Seth Bane Miller (born March 20, 1948) is an American former football player. He played college football for Arizona State from 1966 to 1969 three years of professional football as a corneback and safety in the Canadian Football League (CFL) for the Hamilton Tiger Cats in 1971 and in the World Football League (WFL) for the Memphis Southmen in 1974 and 1975.

==Early life==
Miller was born in Carthage, Arkansas in 1948 and attended Auburn High School in Rockford, Illinois. He played running back and defensive end for the Auburn football team. He was chosen as an all-state halfback in 1965.

==Arizona State==
He played college football at Arizona State from 1966 to 1969. During his first two years at Arizona State, he played at running back, tight end, and wingback.
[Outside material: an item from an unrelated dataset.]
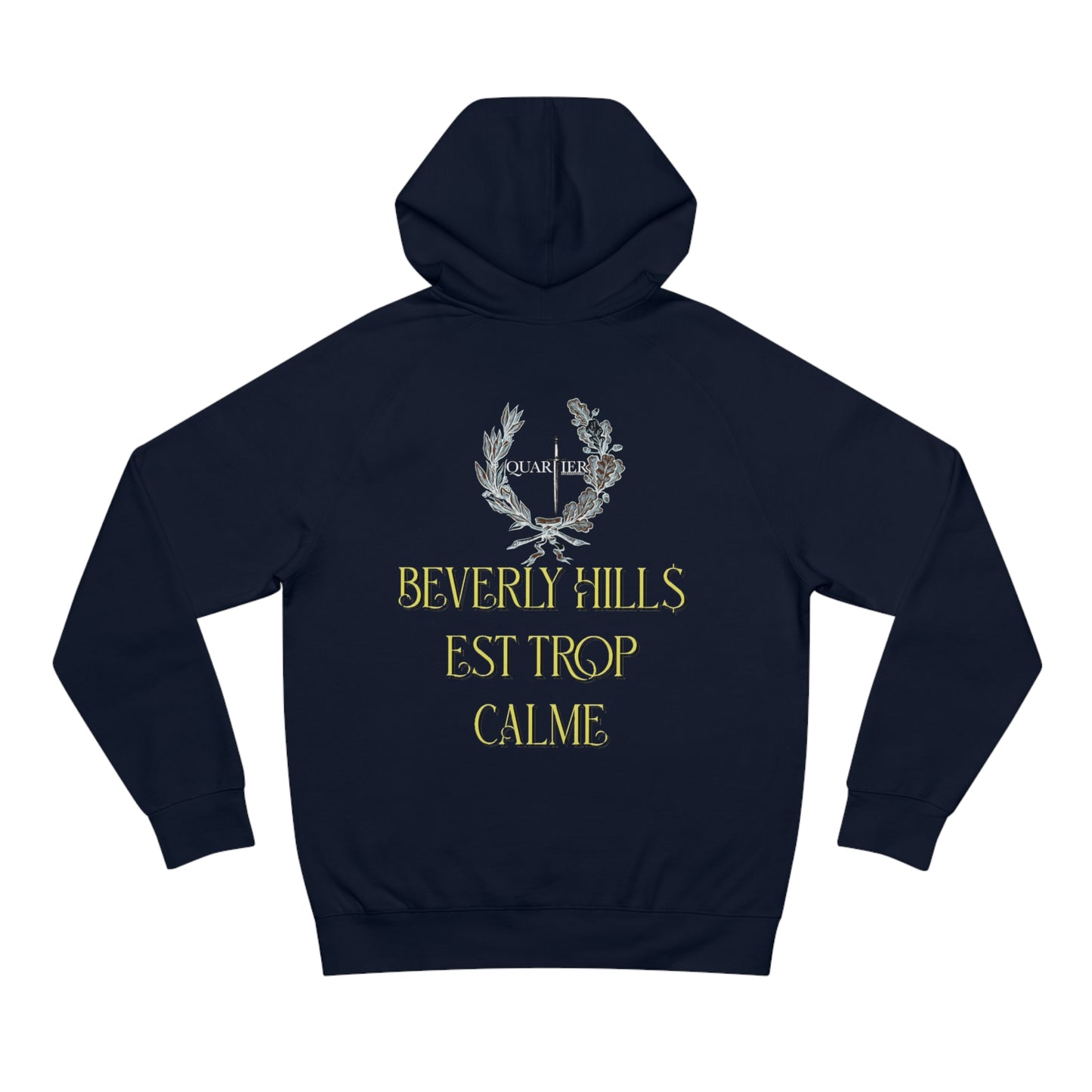 Quartier “Text Thread” hoodie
He later switched to the safety position and led college football in 1969 with 11 interceptions. Miller also played basketball and ran track at Arizona State. He ran the 100-yard dash in 9.7 seconds and wa clocked at 4.6 in the 40.

==Professional football==
Miller was drafted by the Atlanta Falcons in the eighth round of the 1970 NFL draft, but he was cut prior to the regular season. He was signed by the Minnesota Vikings and cut a week later. He spent the 1970 season playing at wide receiver for the Rockford Rams in the Continental league.
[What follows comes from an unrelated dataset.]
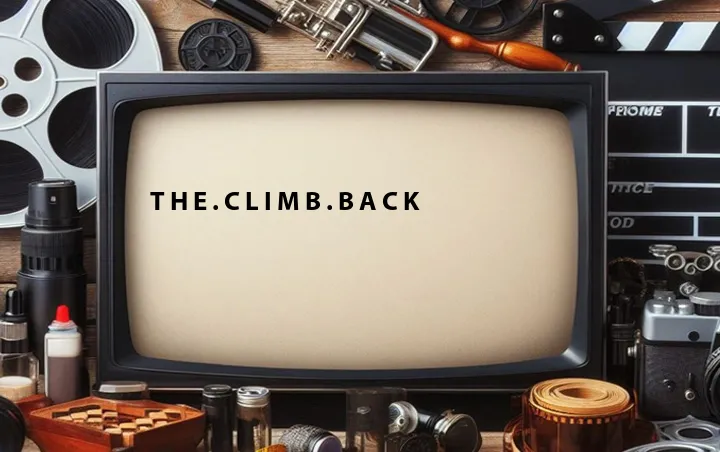 t h e . c l i m b . b a c k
In 1971, he joined the Hamilton Tiger-Cats as a cornerback in the Canadian Football League. He appeared in three CFL games during the 1971 season. His playing career in the CFL was terminated following his arrest in August 1971 for possession of a hookah pipe that could be use for smoking marijana. He pleaded guilty and was fined $100. A year later, Miller was out of football and told a reporter: "The ironic thing is I've never smoked marijana. Never. And yet I'm tabbed. When I approach people, I can feel its in the back of their mind, wondering if I was involved, if I still am involved, with drugs. That was the only time I've been arrested, but there's a stigma."

In 1974, he joined the World Football League, playing for the Memphis Southmen during the 1974 and 1975 seasons. He had 14 interceptions while playing in the WFL.